Vor einem Jahr wurde Aubameyangs Vertrag zu üppigen Bezügen verlängert - seitdem sind seine Leistungen dürftiger geworden
Seit seinem Winterwechsel 2018, als er für 63,75 Millionen Euro von Borussia Dortmund kam, hat sich zwischen Arsenal und Aubameyang eine stark ambivalente Beziehung entwickelt. Zwar hat der Stürmer mit außergewöhnlichen 92 Toren in 163 Pflichtspielen den Abwärtstrend des Klubs einigermaßen aufgehalten und dem Verein mit jeweils zwei Toren im Halbfinale und Finale maßgeblich zum Sieg im FA-Cup 2020 verholfen. Dafür sahen die Londoner über einige seiner Flausen hinweg.

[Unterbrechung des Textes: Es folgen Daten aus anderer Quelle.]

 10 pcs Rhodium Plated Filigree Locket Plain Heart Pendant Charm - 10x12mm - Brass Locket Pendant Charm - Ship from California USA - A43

Die Beziehung spitzte sich letztlich vor einem Jahr zu, als Arsenal den Vertrag mit ihm über den Sommer 2021 hinaus langfristig verlängern wollte. Allerdings zögerte der inzwischen 32-Jährige seine Zusage hinaus, um den Preis in die Höhe zu treiben. Aus Sorge vor einem ablösefreien Wechsel willigte Arsenal schließlich ein, ihm ein Arbeitspapier bis 2023 auszuhändigen - zu einem horrenden Wochensalär von angeblich mehr als einer Viertelmillion Pfund.
Seitdem gelangen dem treffsicheren Aubameyang jedoch bloß noch überschaubare 14 Tore in 43 Ligaspielen. Neben leichten Blessuren fehlte er im Frühjahr fast einen Monat lang wegen einer Malaria-Erkrankung. Sein dürftiger Leistungsnachweis löst bei Arsenal nun die Sorge aus, dass er seinen lukrativen Kontrakt ähnlich bequem aussitzen könnte, wie das einst Mesut Özil vorgeworfen wurde, bis der ein halbes Jahr vor Vertragsende zu Fenerbahce Istanbul weiterzog.
Im Rahmen des Spiels war von Pierre-Emerick Aubameyang selbst nichts zu hören. Stattdessen aber etwas zu sehen: Sein Tätowierer hatte ein Foto von ihm ins Internet gestellt, das ihn bei einem Besuch in dessen Tattoo-Studio zeigte.